- [Task item]:
Return the entries that follow exactly, with no images.

- [Data shown]:
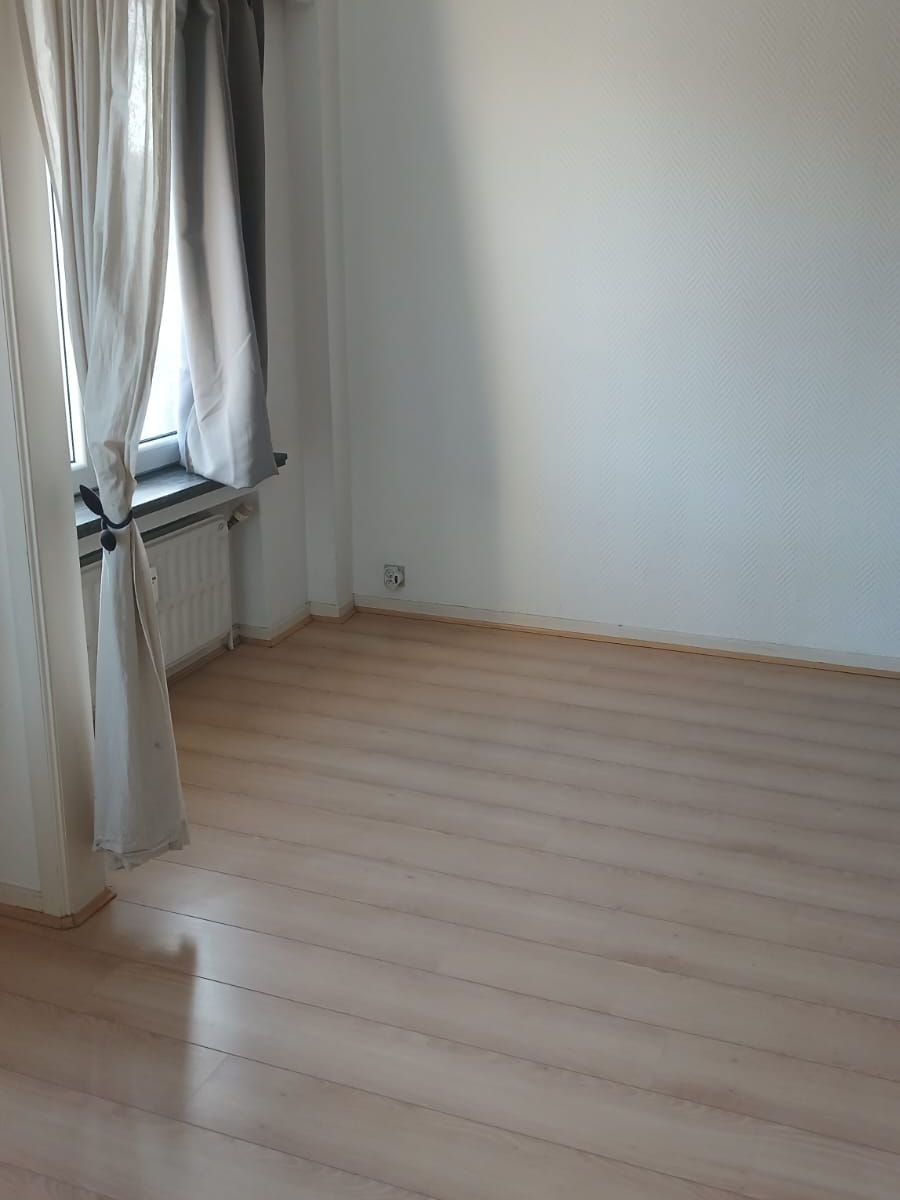 Chambre de l’appartement à Mons vidée et nettoyée, sol stratifié clair propre, rideaux et radiateur dégagés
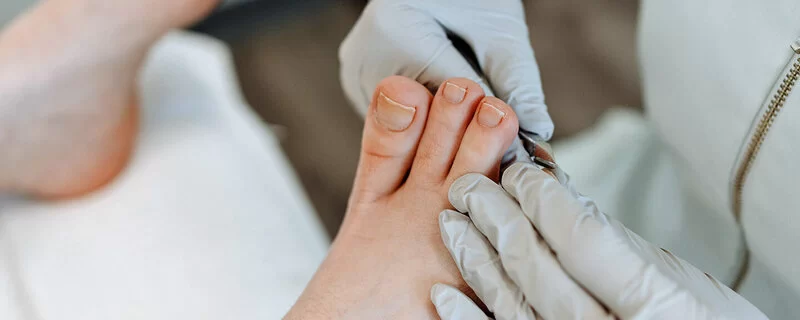 Eine Person trägt Handschuhe und schneidet die Fußnägel einer anderen Person, die entspannt auf einer Behandlungsbank liegt.
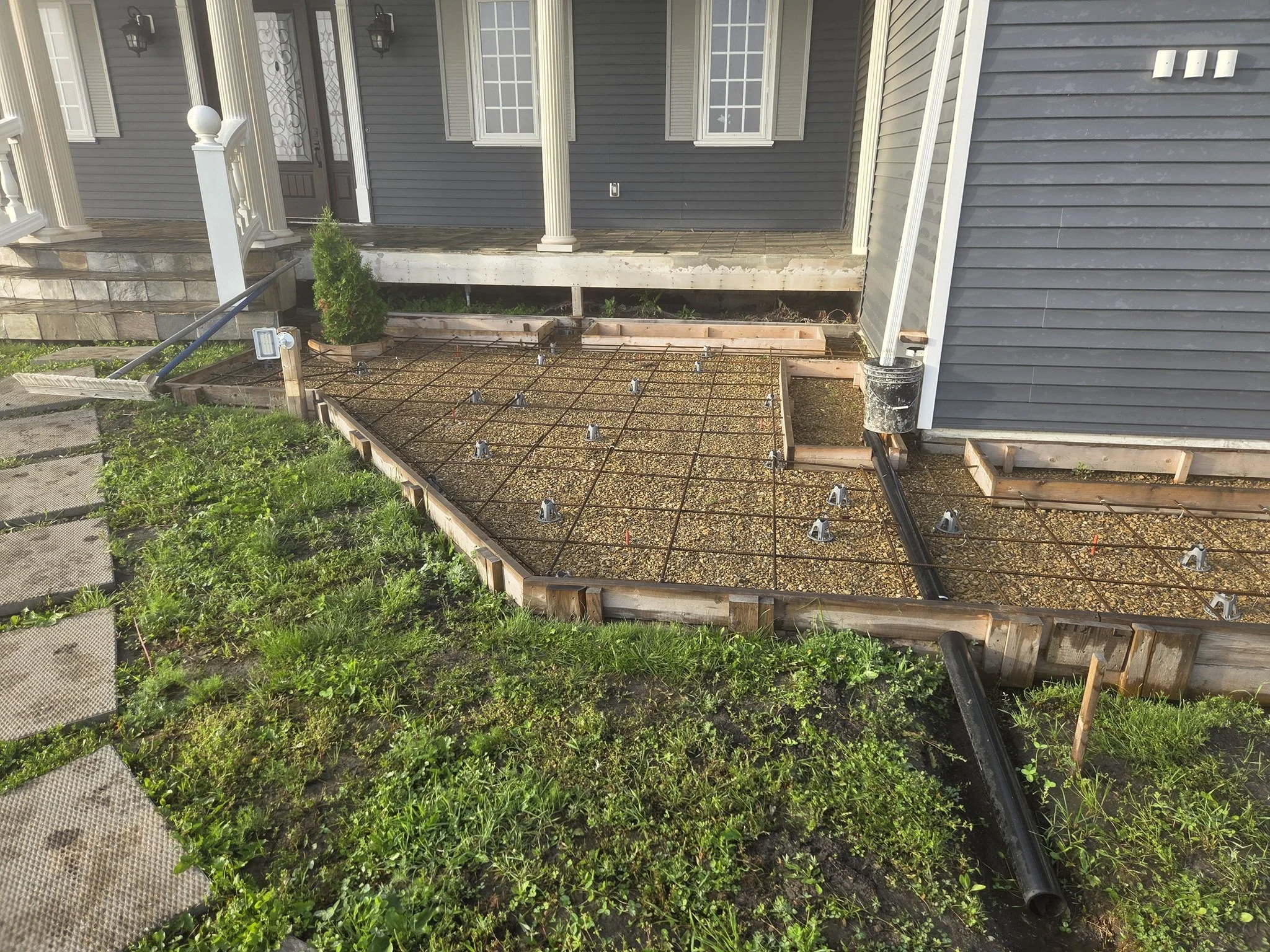 A custom engineered residential concrete sidewalk preparation featuring professional formwork, rebar grids, and drainage integration on a luxury estate acreage in Alberta.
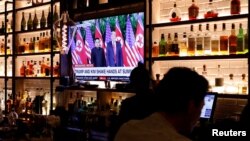 A television screen at the Baro bar broadcasts the Singapore summit meeting between U.S. President Donald Trump and North Korean leader Kim Jong Un, as customers sit at the bar in the Korea Town section of Manhattan, New York, U.S., June 11, 2018. 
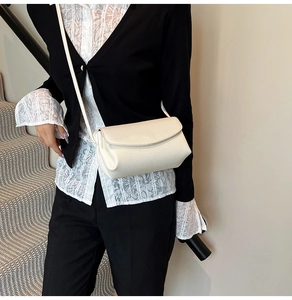 Détail de la texture cuir grainé blanc crème sur un sac à bandoulière chic à rabat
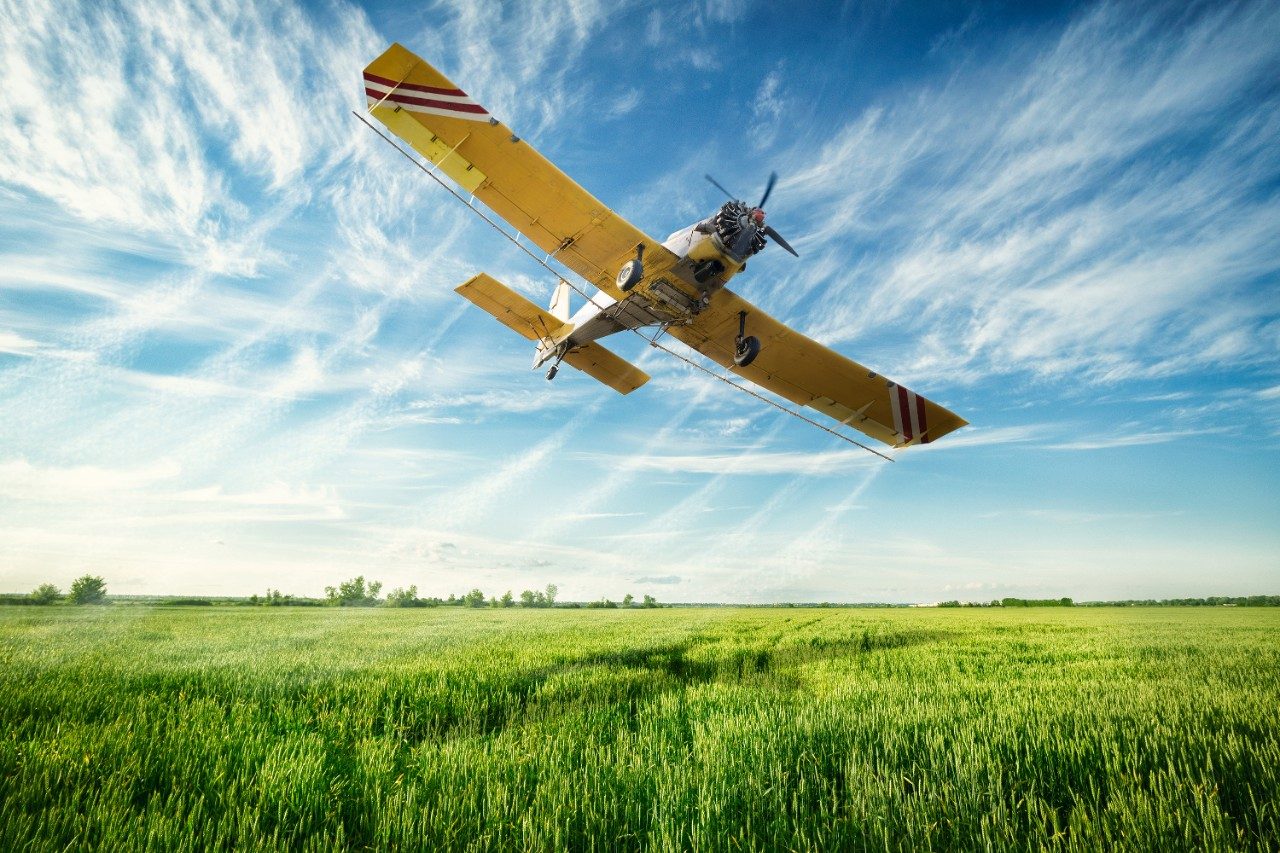 Crop dusting plane over field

- [Exercise solution]:
 Chambre de l’appartement à Mons vidée et nettoyée, sol stratifié clair propre, rideaux et radiateur dégagés
 Eine Person trägt Handschuhe und schneidet die Fußnägel einer anderen Person, die entspannt auf einer Behandlungsbank liegt.
 A custom engineered residential concrete sidewalk preparation featuring professional formwork, rebar grids, and drainage integration on a luxury estate acreage in Alberta.
 A television screen at the Baro bar broadcasts the Singapore summit meeting between U.S. President Donald Trump and North Korean leader Kim Jong Un, as customers sit at the bar in the Korea Town section of Manhattan, New York, U.S., June 11, 2018. 
 Détail de la texture cuir grainé blanc crème sur un sac à bandoulière chic à rabat
 Crop dusting plane over field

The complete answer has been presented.